Do Alto do Mulungu, a esperança desce para a Avenida
Acadêmicos de Niterói transforma a própria vivência em homenagem e faz do samba uma aula de Brasil
Há enredos que chegam como escolha estética. E há enredos que chegam como retrato. A Acadêmicos de Niterói decidiu atravessar 2026 com um tema que acende conversa dentro e fora do Carnaval, porque mexe com memória, identidade e com a biografia de muita gente que vive o samba de dentro: “Do Alto do Mulungu surge a esperança: Lula, o operário do Brasil”, criação do carnavalesco Tiago Martins e do enredista Igor Ricardo. A escola, campeã da Série Ouro e estreante no Grupo Especial, não parece interessada em suavizar a proposta. Pelo contrário: aposta na força simbólica de contar, em linguagem carnavalesca, a trajetória de um homem que saiu do chão mais duro e chegou ao topo do país, espelhando uma narrativa que é familiar para quem nasceu na periferia e aprendeu a disputar espaço.
O que chama atenção, porém, é como os segmentos falam dessa homenagem a partir do lugar mais íntimo: a própria vida.

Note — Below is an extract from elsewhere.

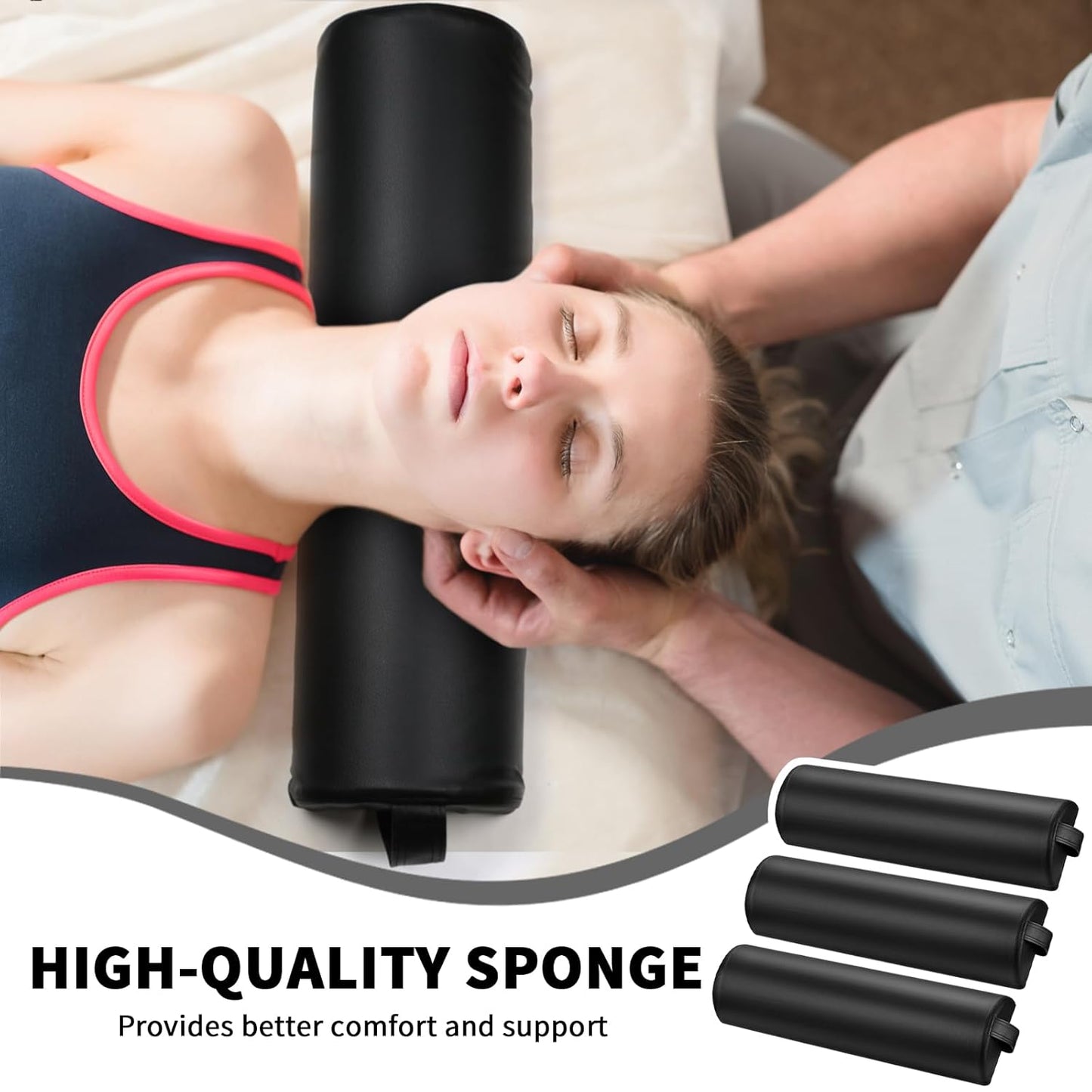 Ripeng 4 Pcs Half Round Massage Table Bolster Pillow Pad with Strap Handle, Semi-Round Bolster Pillow, 6" W x 3" H x 21" L Bolsters Support Pad for Massage Yoga Spa Neck Under Knee Ankles Pain Relief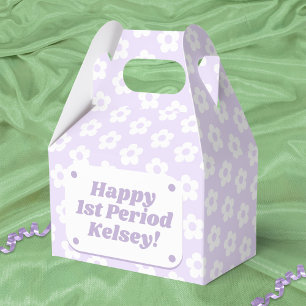Cute Girly Purple Floral First Period Party  Favor Box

O presidente da escola costura o enredo com a experiência pessoal de quem reconhece nas políticas sociais uma chave concreta de mudança, como se dissesse que o Carnaval não é um mundo paralelo, mas um palco onde a realidade também desfila. Essa mesma linha aparece nas falas de quem segura o ritmo e a responsabilidade do conjunto: o mestre de bateria coloca o tema no terreno do cotidiano, lembrando que ascensão não é teoria quando atinge a mesa, o estudo, o trabalho e o futuro de famílias inteiras. E, mesmo quando o assunto inevitavelmente esbarra em posições políticas, o tom escolhido por eles é de maturidade: respeitar opiniões, entender divergências, não perder o foco do que se quer construir em cena.
Na comissão de frente, a ideia ganha contorno ainda mais direto: representar o povo trabalhador, dar corpo e imagem à base que sustenta o país e que sustenta o samba. Há uma consciência bonita nessa abordagem, porque não trata o homenageado como estátua, e sim como símbolo de uma época e de uma possibilidade: a de alcançar espaços antes negados. A porta-bandeira reforça isso com o tipo de verdade que não pede licença para emocionar: a história do samba é feita por gente de luta, por quem veio do morro, por quem viu os pais sem oportunidade e, ainda assim, encontrou caminho para estudar, crescer e voltar para a comunidade com a cabeça erguida. De repente, o enredo deixa de ser “tema” e vira espelho — e é aí que o Carnaval mostra seu poder mais raro.
Até a voz do intérprete aparece como síntese de avenida: a escola sabe que vai ser questionada, sabe que haverá crítica, sabe que tema com essa dimensão cria ruído. Mas a resposta vem com a lógica do próprio samba: se tem quem ataque, também tem quem defenda, porque a festa popular nunca foi unanimidade, e talvez por isso mesmo ela seja tão viva. A direção de harmonia fecha o pensamento com uma frase que atravessa tudo: há histórias que falam por si. E a Acadêmicos de Niterói parece disposta a deixar que essa história, carnavalizada e transformada em espetáculo, encontre seu lugar na Sapucaí como mensagem, como memória e como debate.
E no meio de tudo isso existe um detalhe que muda a temperatura do sonho: a escola será a primeira a desfilar no domingo. Primeiro lugar não é só posição na ordem; é responsabilidade de abrir a noite com clareza, impacto e leitura. Se a Niterói acertar o tom, ela não vai apenas estrear. Vai marcar presença.